Wednesday, October 24, 2012

The Lumiere Brothers - Bringing Moving Pictures to the Public




Welcome back to our blog series exploring the family tree of the IP camera. Our first entry focused on  Eadweard Muybrhttp://kintronicsvirginia.blogspot.com/2012/10/before-video-camera-first-steps.htmlidge who  based his zoopraxisope on the knowledge that individual still frames, when delivered at more than 14 frames per second, trick the mind into thinking it is seeing motion.

 Thomas Edison came along and saw inefficiencies in the zoopraxiscope and thought he could improve on it. His kinetoscope, the subject of our second series, used multiple cameras in capturing the images rather than the zoopraxiscope’s one, and it also used actual film as media.

Now we will look at a branch that  sprouted ………in France…….…. with the Lumiere Brothers, Auguste and Louis.

 Ironically, or shall we say, appropriately, Lumiere means light.

 Their father, Antoine, was a portrait artist who,sensing  a promising future for photography, started a business manufacturing photographic equipment.
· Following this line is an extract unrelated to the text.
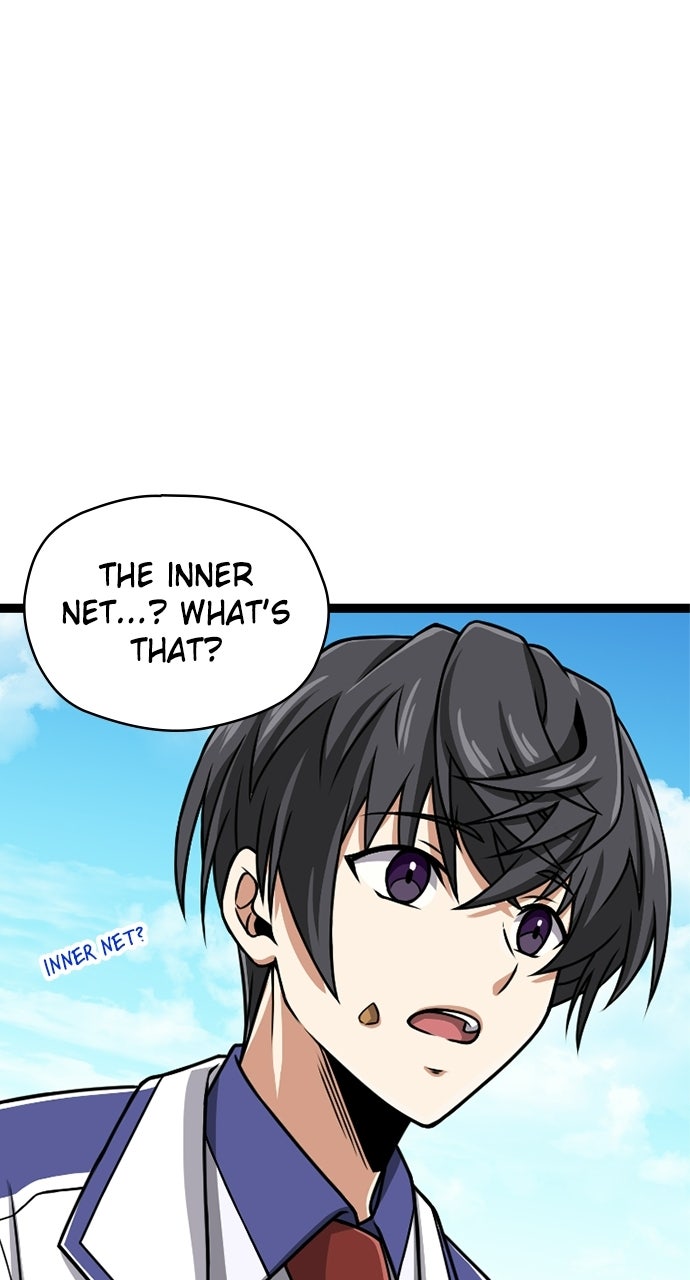 Read The Max Magic LevelGreat Sage’s Return chapter 22 image 77 on Lezhin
Both brothers had technological aptitude, especially Louis. While still a student, he developed the dry plate process, a techniqueused in photograph developing. Upon graduation from college, they both joined their father in the business; Auguste as a manager, and Louis, using the knowledge gained in pursuing his degree in physics.

The company had been devoting itself to still photography equipment, but all that changed in 1894 when Antoine was invited to a demonstration of Edison’s Kinetoscope in Lyons. He came back impressed with the technology but intent on improving it.

First, there was the size of the device. At four feet high and over two feet wide, its bulk forced The Edison Company to confine most of its exhibitions to the Black Maria Studio at Edison Labs in New Jersey. 

 And the peephole mechanism - with one person viewing at a time - limited the size of the audience.

After listening to their father’s ideas, Louis immediately set to work on a smaller device, one that would bring simultaneous viewing to a gathered audience.He came up with the Cinematographe. Weighing only 11 lbs, it was no bigger than the handheld cameras of the era so it was easy to transport and set up. Not only that, but it was a camera, printer, and projector all in one.

Louis had also found fault with the Edison's design of  pulleys and sprockets to keep the loop of film in  continuous movement. Instead he devised  a system of intermittent movement which he described in the preamble to his patent application as:
The basic property of this appliance’s mechanism is to act intermittently on a regularly perforated strip of film to transmit successive displacements separated by stationary periods during which photographic images are either exposed or viewed.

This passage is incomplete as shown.